The data Start Marker

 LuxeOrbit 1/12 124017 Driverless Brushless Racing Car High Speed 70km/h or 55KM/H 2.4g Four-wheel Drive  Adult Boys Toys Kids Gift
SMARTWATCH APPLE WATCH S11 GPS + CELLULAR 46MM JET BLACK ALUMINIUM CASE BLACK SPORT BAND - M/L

The data End Marker
The data Start Marker

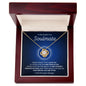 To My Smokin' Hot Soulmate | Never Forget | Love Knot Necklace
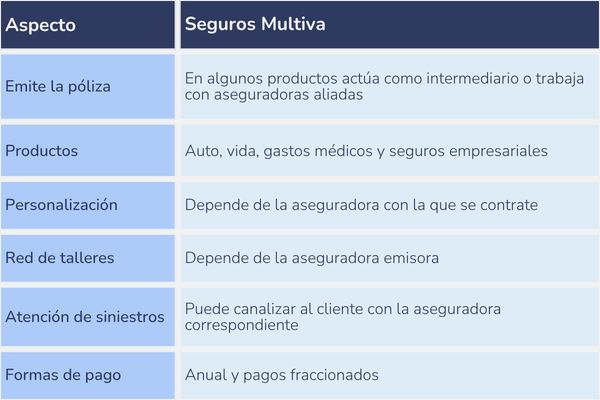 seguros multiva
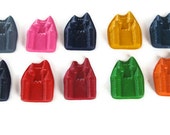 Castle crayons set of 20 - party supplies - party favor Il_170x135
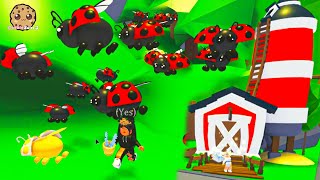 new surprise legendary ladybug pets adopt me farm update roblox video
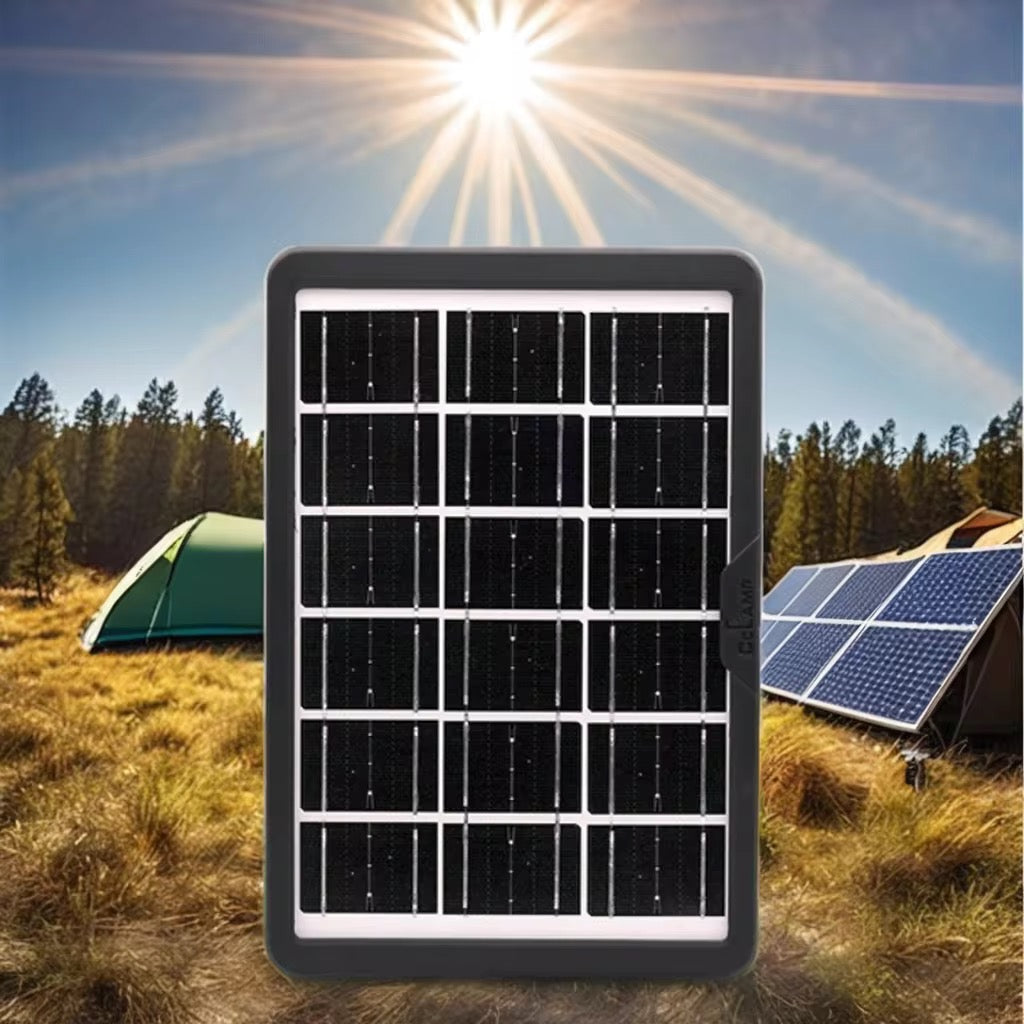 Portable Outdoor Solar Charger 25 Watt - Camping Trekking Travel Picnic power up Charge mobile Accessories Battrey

The data End Marker

## Problem
The required output is the stretch of entries above from the line containing "LuxeOrbit 1/12 124017" through the line containing "SMARTWATCH APPLE WATCH", reproduced exactly.

## Solution to this problem
 LuxeOrbit 1/12 124017 Driverless Brushless Racing Car High Speed 70km/h or 55KM/H 2.4g Four-wheel Drive  Adult Boys Toys Kids Gift
SMARTWATCH APPLE WATCH S11 GPS + CELLULAR 46MM JET BLACK ALUMINIUM CASE BLACK SPORT BAND - M/L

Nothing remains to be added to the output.